Image-text web data:

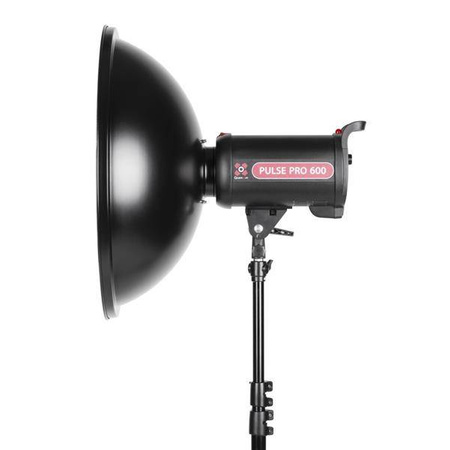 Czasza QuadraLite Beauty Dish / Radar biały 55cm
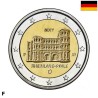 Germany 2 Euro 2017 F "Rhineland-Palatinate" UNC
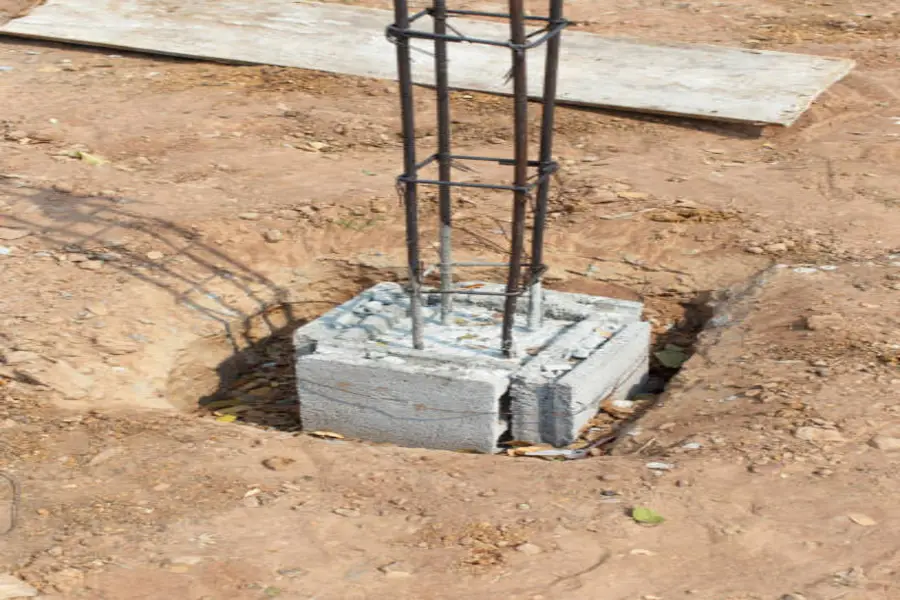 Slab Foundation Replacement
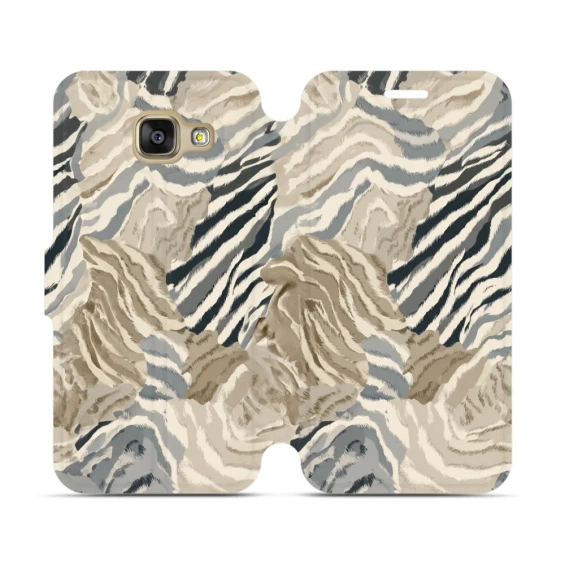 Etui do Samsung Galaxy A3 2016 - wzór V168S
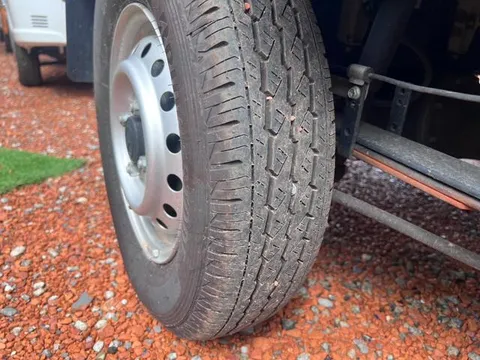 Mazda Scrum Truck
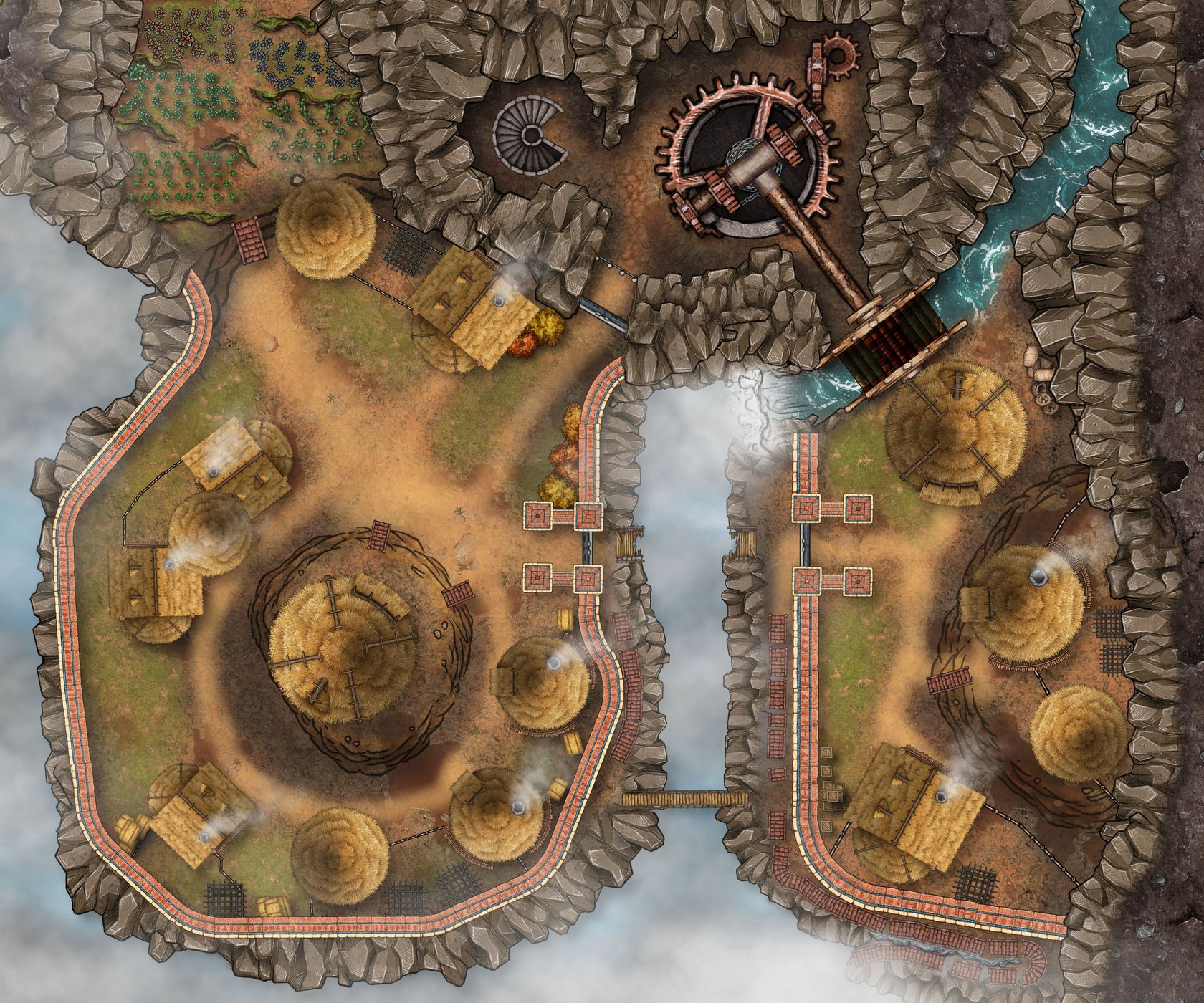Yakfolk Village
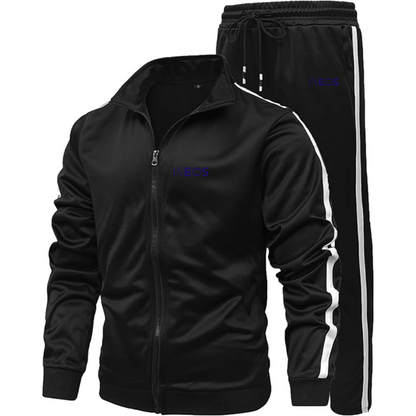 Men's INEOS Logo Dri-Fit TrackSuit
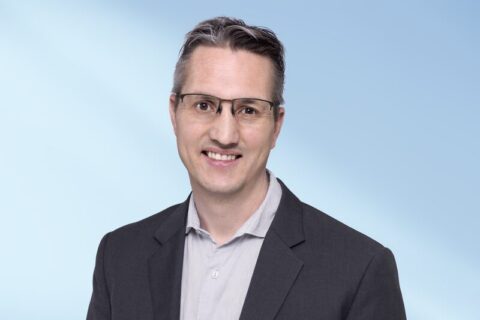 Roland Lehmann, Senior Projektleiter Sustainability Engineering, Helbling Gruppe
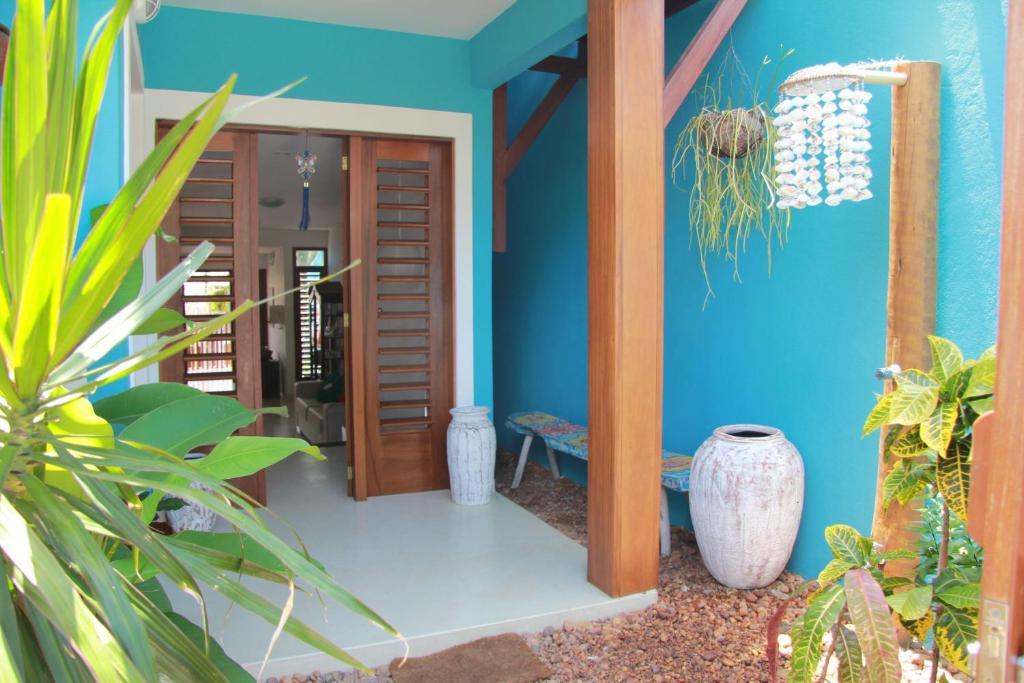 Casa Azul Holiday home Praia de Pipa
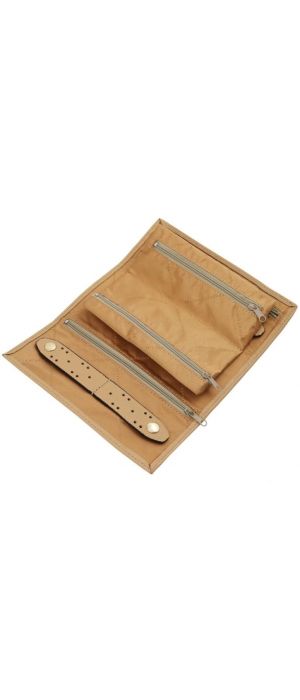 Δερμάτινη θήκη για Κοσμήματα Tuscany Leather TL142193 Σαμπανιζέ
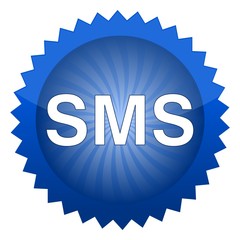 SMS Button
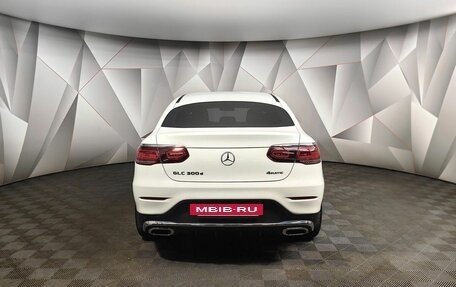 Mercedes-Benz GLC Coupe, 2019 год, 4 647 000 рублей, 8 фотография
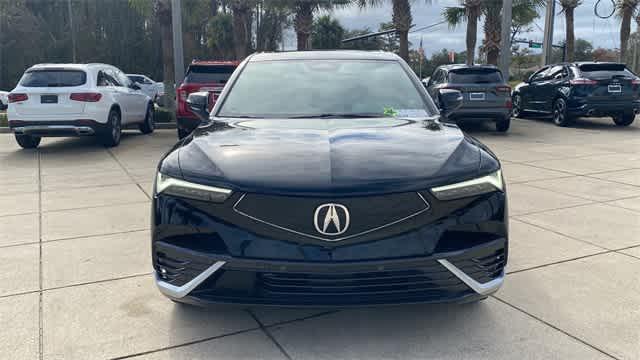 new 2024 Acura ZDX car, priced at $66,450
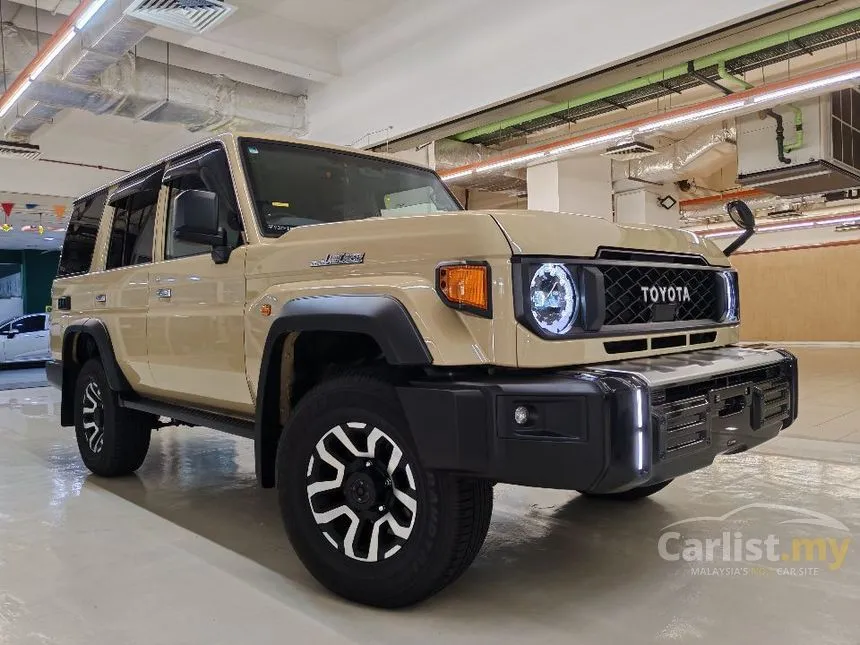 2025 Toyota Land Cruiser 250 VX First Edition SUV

TASK INSTRUCTIONS:
Where a picture appears in the data, omit it; restate the rest word for word.

RESPONSE AREA:
 Czasza QuadraLite Beauty Dish / Radar biały 55cm
 Germany 2 Euro 2017 F "Rhineland-Palatinate" UNC
 Slab Foundation Replacement
 Etui do Samsung Galaxy A3 2016 - wzór V168S
 Mazda Scrum Truck
Yakfolk Village
 Men's INEOS Logo Dri-Fit TrackSuit
 Roland Lehmann, Senior Projektleiter Sustainability Engineering, Helbling Gruppe
 Casa Azul Holiday home Praia de Pipa
 Δερμάτινη θήκη για Κοσμήματα Tuscany Leather TL142193 Σαμπανιζέ
 SMS Button
 Mercedes-Benz GLC Coupe, 2019 год, 4 647 000 рублей, 8 фотография
 new 2024 Acura ZDX car, priced at $66,450
 2025 Toyota Land Cruiser 250 VX First Edition SUV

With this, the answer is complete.